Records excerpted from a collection
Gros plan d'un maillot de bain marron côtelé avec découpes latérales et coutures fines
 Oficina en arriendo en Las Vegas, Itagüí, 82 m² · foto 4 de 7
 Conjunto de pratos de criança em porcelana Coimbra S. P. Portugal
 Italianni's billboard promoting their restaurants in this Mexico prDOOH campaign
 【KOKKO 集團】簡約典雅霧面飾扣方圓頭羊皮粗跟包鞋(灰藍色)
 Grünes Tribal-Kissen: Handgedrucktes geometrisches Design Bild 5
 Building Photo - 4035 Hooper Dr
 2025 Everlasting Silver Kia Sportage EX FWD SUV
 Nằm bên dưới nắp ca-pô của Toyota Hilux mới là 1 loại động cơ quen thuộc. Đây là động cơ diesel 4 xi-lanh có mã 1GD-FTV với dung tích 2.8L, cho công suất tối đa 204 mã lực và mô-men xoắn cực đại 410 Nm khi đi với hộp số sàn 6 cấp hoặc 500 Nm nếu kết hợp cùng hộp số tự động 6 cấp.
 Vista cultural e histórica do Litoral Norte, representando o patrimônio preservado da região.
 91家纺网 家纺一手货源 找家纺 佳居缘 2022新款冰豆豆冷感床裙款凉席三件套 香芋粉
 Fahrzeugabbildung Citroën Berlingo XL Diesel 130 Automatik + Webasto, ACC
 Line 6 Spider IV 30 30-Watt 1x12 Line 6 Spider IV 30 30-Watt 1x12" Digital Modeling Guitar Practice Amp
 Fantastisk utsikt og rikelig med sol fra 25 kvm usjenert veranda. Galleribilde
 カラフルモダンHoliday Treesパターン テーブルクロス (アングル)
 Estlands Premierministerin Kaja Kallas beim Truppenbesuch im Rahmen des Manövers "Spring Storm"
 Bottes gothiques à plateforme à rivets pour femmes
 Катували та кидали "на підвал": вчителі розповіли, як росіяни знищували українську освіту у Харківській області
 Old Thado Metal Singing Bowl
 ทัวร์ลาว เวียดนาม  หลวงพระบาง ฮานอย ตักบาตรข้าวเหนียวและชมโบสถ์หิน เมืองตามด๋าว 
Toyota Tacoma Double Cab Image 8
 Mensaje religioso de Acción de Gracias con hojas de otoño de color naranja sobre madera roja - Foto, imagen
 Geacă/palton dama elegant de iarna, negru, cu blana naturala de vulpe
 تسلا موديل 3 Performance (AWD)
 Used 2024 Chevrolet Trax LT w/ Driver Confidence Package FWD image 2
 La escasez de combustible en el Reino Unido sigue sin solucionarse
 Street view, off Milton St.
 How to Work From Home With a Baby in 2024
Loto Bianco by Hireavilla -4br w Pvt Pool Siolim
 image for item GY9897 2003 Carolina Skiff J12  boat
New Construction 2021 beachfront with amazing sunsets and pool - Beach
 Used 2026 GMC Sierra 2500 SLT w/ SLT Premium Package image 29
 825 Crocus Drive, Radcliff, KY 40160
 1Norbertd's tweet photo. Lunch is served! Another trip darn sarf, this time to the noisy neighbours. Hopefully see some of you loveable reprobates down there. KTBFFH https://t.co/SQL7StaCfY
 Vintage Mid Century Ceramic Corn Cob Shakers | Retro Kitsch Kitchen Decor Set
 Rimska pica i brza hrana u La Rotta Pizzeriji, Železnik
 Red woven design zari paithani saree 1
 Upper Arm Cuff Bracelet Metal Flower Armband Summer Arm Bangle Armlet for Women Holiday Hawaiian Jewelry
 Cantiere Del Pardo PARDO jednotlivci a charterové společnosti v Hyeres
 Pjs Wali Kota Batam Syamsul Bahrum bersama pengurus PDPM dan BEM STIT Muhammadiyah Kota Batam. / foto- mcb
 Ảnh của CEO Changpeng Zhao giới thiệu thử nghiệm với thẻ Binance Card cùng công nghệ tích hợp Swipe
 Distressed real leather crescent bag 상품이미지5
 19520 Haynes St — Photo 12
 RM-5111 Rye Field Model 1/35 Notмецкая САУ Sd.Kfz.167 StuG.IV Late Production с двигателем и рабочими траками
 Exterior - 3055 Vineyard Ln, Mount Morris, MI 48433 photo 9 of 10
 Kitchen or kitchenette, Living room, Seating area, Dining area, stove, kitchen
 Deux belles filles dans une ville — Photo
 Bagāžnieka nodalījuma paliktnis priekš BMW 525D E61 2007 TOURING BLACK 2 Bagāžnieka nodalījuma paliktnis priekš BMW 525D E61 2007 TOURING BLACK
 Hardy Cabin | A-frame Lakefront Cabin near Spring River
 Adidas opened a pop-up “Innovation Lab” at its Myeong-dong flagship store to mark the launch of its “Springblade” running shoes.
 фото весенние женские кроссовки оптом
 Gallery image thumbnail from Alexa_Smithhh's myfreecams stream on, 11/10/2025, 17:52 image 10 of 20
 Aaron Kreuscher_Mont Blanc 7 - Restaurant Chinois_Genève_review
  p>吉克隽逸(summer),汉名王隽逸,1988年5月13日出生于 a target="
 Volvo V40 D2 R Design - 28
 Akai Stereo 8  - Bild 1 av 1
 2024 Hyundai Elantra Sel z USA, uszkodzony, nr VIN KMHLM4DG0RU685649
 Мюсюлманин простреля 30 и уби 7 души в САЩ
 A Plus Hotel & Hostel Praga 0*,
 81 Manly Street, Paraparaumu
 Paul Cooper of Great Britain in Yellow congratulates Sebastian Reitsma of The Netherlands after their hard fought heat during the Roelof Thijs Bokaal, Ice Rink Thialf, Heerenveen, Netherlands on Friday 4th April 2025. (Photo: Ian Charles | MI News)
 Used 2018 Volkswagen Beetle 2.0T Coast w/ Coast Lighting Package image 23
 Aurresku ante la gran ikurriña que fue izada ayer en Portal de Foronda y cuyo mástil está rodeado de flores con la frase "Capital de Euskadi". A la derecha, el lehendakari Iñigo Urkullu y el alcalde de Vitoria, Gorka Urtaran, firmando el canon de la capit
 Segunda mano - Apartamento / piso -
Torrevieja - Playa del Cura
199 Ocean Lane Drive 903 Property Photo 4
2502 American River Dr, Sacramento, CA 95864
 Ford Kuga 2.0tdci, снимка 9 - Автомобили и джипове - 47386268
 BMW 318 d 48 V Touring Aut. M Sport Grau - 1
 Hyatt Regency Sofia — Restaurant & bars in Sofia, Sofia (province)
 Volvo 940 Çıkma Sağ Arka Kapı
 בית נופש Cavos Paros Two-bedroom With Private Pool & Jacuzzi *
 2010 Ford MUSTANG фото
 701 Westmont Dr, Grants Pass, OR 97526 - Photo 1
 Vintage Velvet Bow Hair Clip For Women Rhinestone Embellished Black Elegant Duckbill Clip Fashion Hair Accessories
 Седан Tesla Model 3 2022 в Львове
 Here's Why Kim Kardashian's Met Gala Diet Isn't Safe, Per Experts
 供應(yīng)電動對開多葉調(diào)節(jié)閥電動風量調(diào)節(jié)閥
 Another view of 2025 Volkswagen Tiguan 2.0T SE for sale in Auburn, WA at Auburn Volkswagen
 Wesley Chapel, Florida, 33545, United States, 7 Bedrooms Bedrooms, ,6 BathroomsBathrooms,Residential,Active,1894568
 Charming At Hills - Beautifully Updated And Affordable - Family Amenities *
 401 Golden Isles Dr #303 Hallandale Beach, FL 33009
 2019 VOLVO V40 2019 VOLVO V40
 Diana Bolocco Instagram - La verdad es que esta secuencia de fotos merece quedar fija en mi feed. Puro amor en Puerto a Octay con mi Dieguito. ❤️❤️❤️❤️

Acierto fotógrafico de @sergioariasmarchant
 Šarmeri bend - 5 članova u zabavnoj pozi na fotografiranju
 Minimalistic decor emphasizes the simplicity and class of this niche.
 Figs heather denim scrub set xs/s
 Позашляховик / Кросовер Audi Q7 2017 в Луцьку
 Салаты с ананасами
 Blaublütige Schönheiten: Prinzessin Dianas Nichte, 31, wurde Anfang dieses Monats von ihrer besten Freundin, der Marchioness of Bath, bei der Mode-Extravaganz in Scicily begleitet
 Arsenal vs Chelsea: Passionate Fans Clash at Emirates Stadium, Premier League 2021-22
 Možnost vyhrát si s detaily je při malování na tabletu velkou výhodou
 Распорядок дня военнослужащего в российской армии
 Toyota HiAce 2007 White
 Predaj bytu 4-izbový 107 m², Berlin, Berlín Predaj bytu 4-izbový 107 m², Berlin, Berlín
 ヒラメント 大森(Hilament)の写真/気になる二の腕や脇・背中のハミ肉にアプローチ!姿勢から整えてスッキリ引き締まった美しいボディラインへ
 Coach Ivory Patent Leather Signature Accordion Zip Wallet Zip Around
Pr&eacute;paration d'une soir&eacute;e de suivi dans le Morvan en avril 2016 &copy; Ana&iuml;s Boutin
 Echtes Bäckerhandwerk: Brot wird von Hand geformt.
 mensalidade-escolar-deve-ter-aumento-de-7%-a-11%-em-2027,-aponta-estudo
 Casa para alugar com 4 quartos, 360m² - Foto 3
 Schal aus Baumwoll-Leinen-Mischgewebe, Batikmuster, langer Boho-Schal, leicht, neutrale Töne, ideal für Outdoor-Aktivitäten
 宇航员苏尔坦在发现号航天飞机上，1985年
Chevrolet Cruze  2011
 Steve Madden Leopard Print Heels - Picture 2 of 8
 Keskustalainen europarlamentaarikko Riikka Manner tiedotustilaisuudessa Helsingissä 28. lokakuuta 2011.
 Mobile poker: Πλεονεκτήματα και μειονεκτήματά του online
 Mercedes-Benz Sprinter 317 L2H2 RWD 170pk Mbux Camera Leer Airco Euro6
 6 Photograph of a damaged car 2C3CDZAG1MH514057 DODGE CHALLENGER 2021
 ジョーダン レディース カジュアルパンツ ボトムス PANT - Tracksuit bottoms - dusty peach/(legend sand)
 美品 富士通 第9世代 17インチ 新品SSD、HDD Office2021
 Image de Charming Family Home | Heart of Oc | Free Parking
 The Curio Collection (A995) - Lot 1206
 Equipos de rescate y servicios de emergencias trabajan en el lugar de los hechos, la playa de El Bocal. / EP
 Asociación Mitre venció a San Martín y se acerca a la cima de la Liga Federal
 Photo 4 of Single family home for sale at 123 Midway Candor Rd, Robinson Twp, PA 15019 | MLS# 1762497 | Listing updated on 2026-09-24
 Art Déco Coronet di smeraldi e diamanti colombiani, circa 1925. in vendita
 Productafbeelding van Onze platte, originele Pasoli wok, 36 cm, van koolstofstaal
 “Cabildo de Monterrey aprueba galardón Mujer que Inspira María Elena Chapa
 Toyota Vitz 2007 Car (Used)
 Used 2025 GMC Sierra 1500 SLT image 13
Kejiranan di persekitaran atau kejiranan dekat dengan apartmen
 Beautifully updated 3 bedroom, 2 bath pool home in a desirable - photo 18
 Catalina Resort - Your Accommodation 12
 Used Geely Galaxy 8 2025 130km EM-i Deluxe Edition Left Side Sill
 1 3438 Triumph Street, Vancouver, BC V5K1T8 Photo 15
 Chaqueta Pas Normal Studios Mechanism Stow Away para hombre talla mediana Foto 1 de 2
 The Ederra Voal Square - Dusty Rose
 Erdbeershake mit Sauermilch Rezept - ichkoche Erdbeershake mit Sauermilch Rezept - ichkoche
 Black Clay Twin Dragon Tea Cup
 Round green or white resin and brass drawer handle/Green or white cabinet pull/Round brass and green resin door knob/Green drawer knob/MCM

### WHAT THE TASK ASKS
Look above for the line with "2024 Hyundai Elantra" and the line with "בית נופש Cavos". Retype those two lines and every line between them exactly, adding nothing.

### EXERCISE RESULT
 2024 Hyundai Elantra Sel z USA, uszkodzony, nr VIN KMHLM4DG0RU685649
 Мюсюлманин простреля 30 и уби 7 души в САЩ
 A Plus Hotel & Hostel Praga 0*,
 81 Manly Street, Paraparaumu
 Paul Cooper of Great Britain in Yellow congratulates Sebastian Reitsma of The Netherlands after their hard fought heat during the Roelof Thijs Bokaal, Ice Rink Thialf, Heerenveen, Netherlands on Friday 4th April 2025. (Photo: Ian Charles | MI News)
 Used 2018 Volkswagen Beetle 2.0T Coast w/ Coast Lighting Package image 23
 Aurresku ante la gran ikurriña que fue izada ayer en Portal de Foronda y cuyo mástil está rodeado de flores con la frase "Capital de Euskadi". A la derecha, el lehendakari Iñigo Urkullu y el alcalde de Vitoria, Gorka Urtaran, firmando el canon de la capit
 Segunda mano - Apartamento / piso -
Torrevieja - Playa del Cura
199 Ocean Lane Drive 903 Property Photo 4
2502 American River Dr, Sacramento, CA 95864
 Ford Kuga 2.0tdci, снимка 9 - Автомобили и джипове - 47386268
 BMW 318 d 48 V Touring Aut. M Sport Grau - 1
 Hyatt Regency Sofia — Restaurant & bars in Sofia, Sofia (province)
 Volvo 940 Çıkma Sağ Arka Kapı
 בית נופש Cavos Paros Two-bedroom With Private Pool & Jacuzzi *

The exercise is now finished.